Hiding Co-Occurring Frequent Itemsets
Authors
- Osman Abul, TOBB University of Economics and Technology, Ankara (Turkey)
Abstract
Knowledge hiding, hiding rules/patterns that are inferable from
published data and attributed sensitive, is extensively studied in the
literature in the context of frequent itemsets and association rules
mining from transactional data. The research in this thread is focused
mainly on developing sophisticated methods that achieve less
distortion in data quality. With this work, we extend frequent itemset
hiding to co-occurring frequent itemset hiding problem. Co-occurring
frequent itemsets are those itemsets that co-exist in the
output of frequent itemset mining. What is different from the classical
frequent hiding is the new sensitivity definition: an itemset set is
sensitive if its itemsets appear altogether within the frequent itemset
mining results. In other words, co-occurrence is defined with
reference to the mining results but not to the raw input dataset, and
thus it is a kind of meta-knowledge. Our notion of co-occurrence is
also very different from association rules as itemsets in an association
rule need to be frequently present in the same set of transactions,
but the co-occurrence need not necessarily require the joint
occurrence in the same set of transactions.

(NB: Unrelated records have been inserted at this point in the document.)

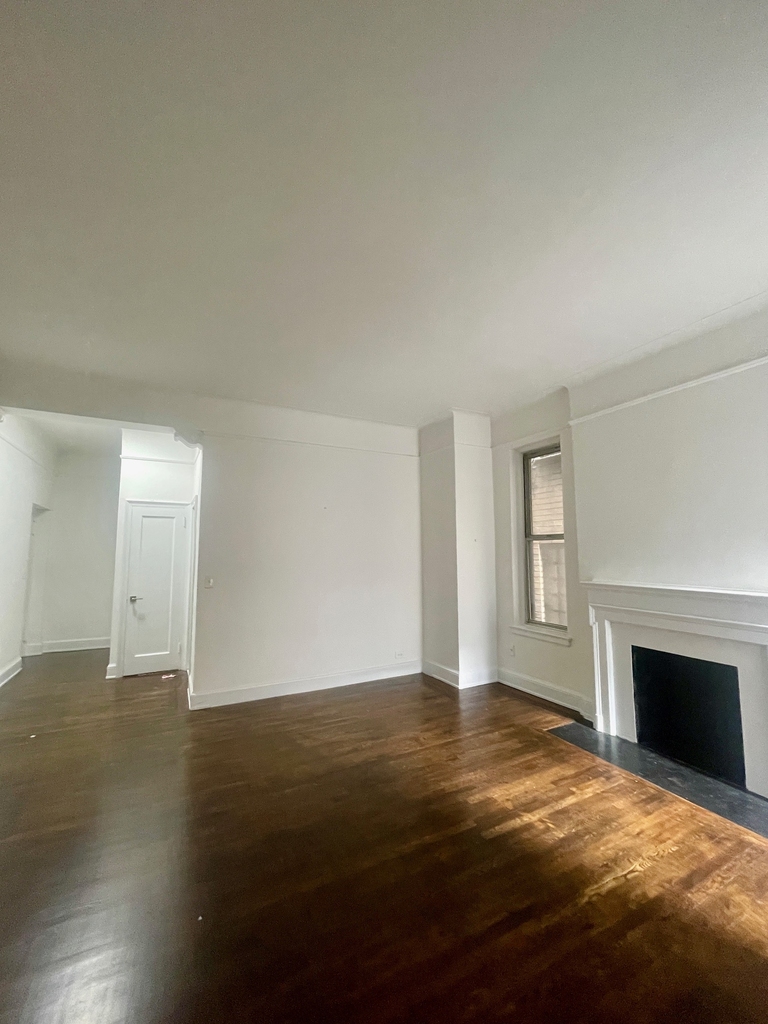 106 E 81st St. at Park Avenue - Photo 2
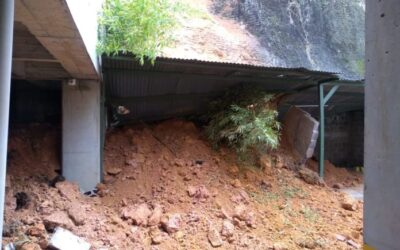 En Marinilla se presentó un deslizamiento de tierra que afectó una urbanización
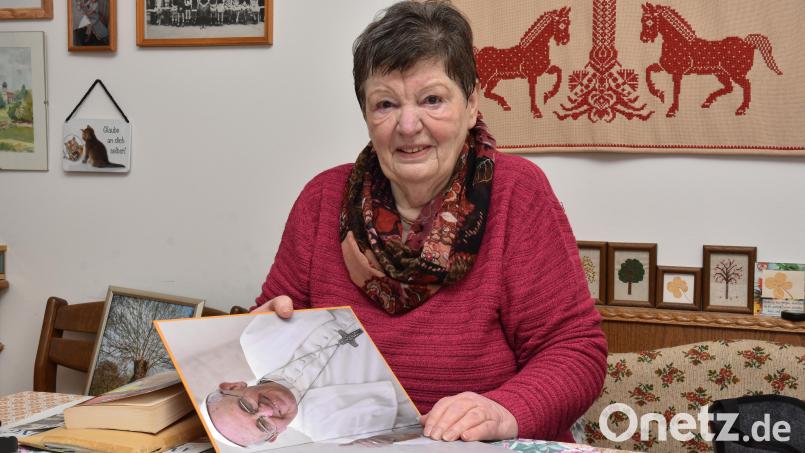 Edeltraud Jarkulisch aus Amberg mit einem Buch über Papst Franziskus. Bild: Stephan Huber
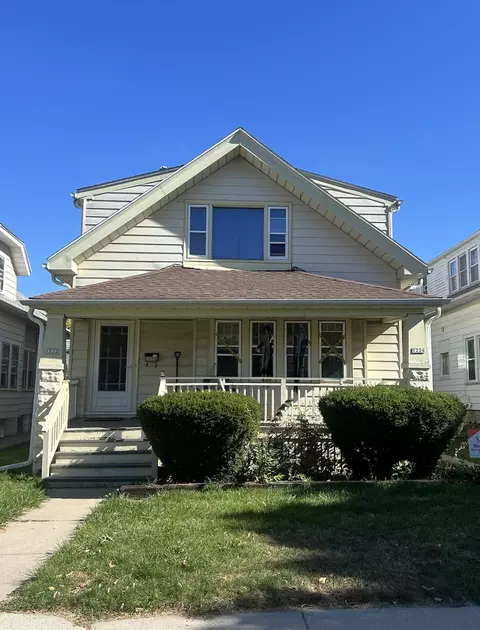 1222 S 74th #1224, West Allis, WI 53214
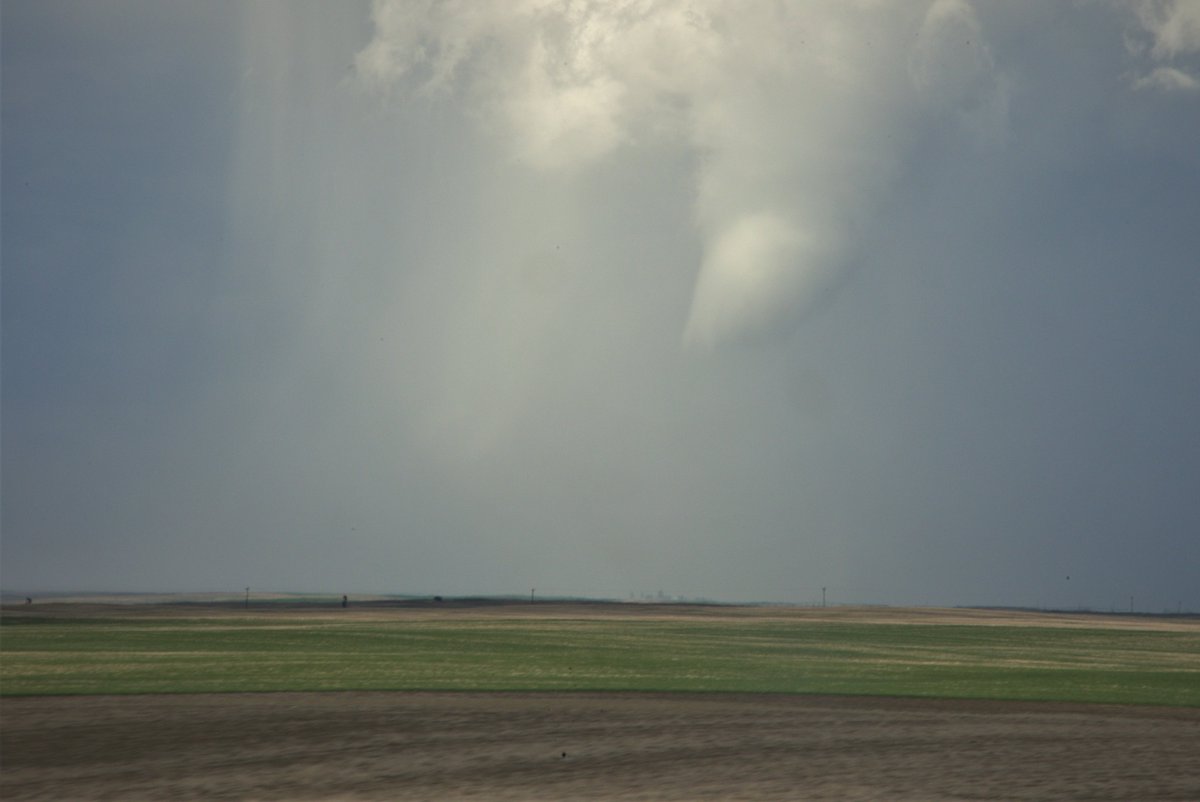 ChaserGreg's tweet photo. Some non cellphone photos of today's funnel-mania near Enchant. Taken between 1550-1635hrs #abstorm (1/2) https://t.co/gjHxseOgM1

In this paper, we briefly review the frequent itemset/association
hiding problems and define the co-occurrence hiding along with
the real world motivations. We explore its fundamental properties
and show that frequent itemset hiding is a special case of the
co-occurring frequent itemsets hiding. As a solution, we propose
a two-stage sanitization framework, essentially a reduction, where
an instance of the frequent itemset hiding is constructed in the first
stage and the instance is solved in the second stage. Since the task
is shown to be NP-Hard and the reduction is one-to-many, we propose
heuristics only for the first stage as the second stage is a well-established
field. Finally, an experimental evaluation is carried out
on a couple of datasets, and the results are presented.